In my day the pilots of charter flights weren't tipped by their passengers. This is the story of the one flight where my passenger tipped me at the end of the flight. And how it came about he thought my skill as a pilot was worthy of a gratuity, whereas from my point of view, it was all just in a day's work.

I was scheduled for a single-engine charter to take a gentleman from Clinton to Marshalltown. Per FAR Part 135 regs in those days, single-engine passenger charters were VFR only. The departure point was the primary base of a two-base FBO for which I worked. That's important to the story, because that base is where the FBO's owner was in residence. The owner was a gentleman I could only best describe as an "old coot" who, it wouldn't surprise me, had taught Charles Lindbergh how to fly. I had received my weather briefing, and per the briefing I advised my passenger that there was a line of thunderstorms advancing toward Marshalltown that would get there before we could get there, and so I thought he should reschedule his trip for another day. "Reschedule" to the old coot meant probable "lost revenue", (besides which, in his mind, his pilot is a young know-nothing, and I doubt if he even checked the weather), and so he told the customer that the weather was fine and that it was OK to go. The customer was another older gentleman, whose life experiences had probably inured him somewhat to danger. However, in line with my usual departure philosophy - if it's safe to "go take a look", then go ahead and depart and take a look - because often a mission can be accomplished anyway once you get going, regardless of forecast. It's not my dime if we don't get there. So I acquiesed to the old coot and the wishes of the customer, and we departed.

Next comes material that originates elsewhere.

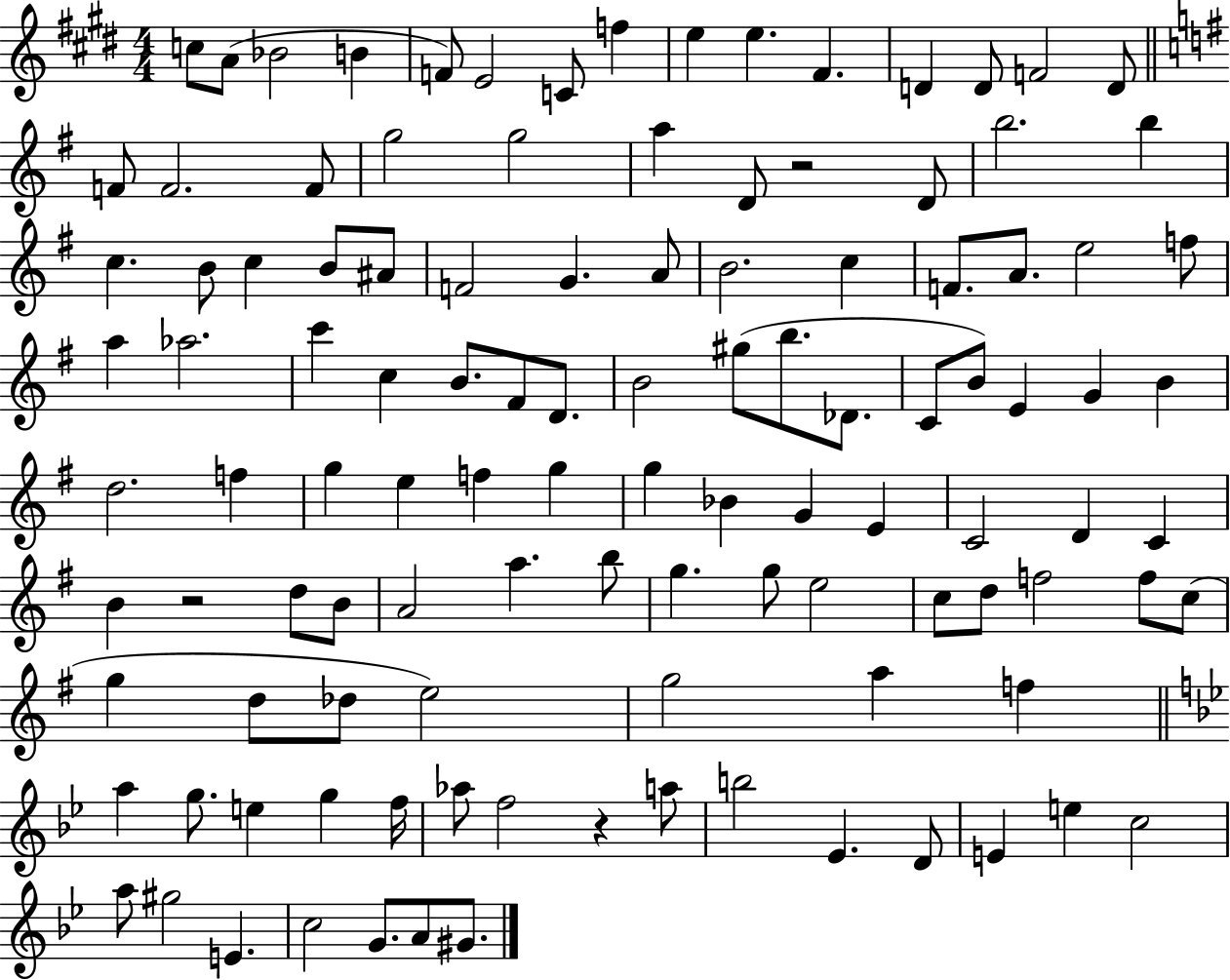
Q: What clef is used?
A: treble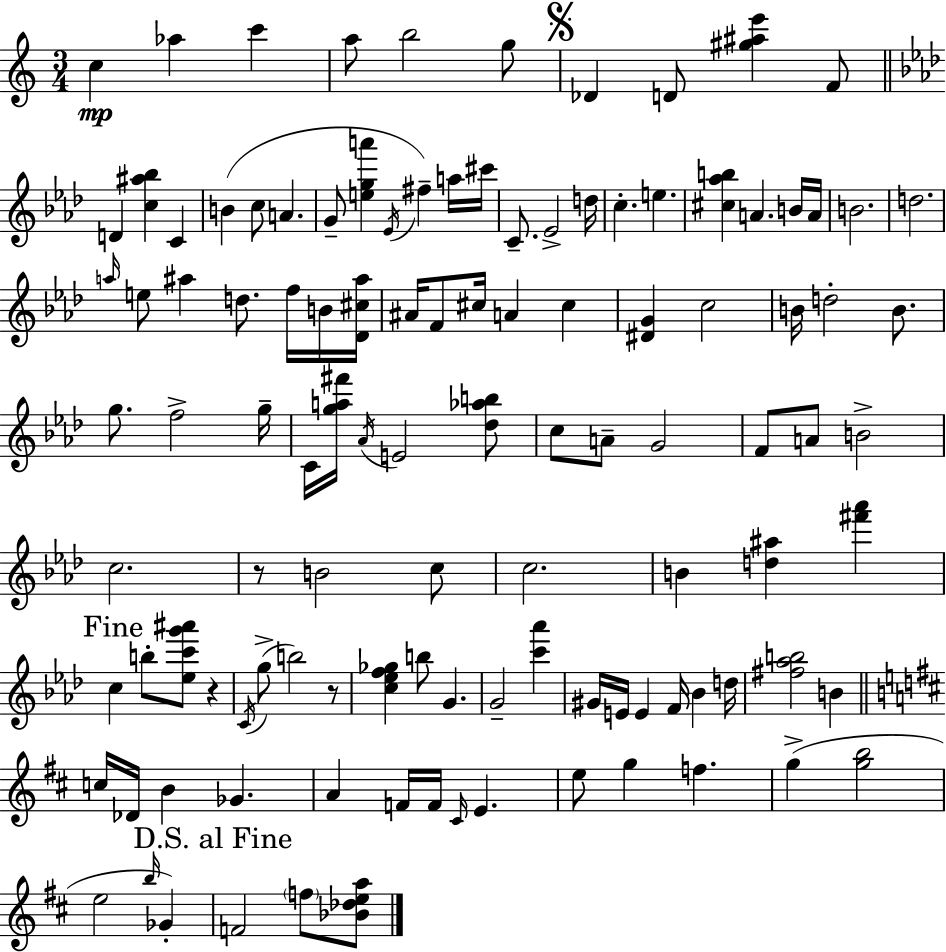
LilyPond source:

As we droned VFR westward toward the destination the cloud bases got progressively lower and darker, and the forward visibility less and less. Flying lower and lower and getting closer and closer, but not yet there, I contacted Marshalltown unicom and was advised of thunderstorms in the vicinity. At this point we were down to around eight hundred feet AGL, with forward visibility something less than three miles. When I reckoned we were four or five miles from the airport, with darker and lower cloud bases ahead, there was a brilliant stroke of cloud-to-ground lightning at about two o'clock and not more than two miles away. I looked over at the passenger, and I could see he was getting pretty uncomfortable. So at this point, I said, "the hell with it", and did a 180 to get the heck outta there.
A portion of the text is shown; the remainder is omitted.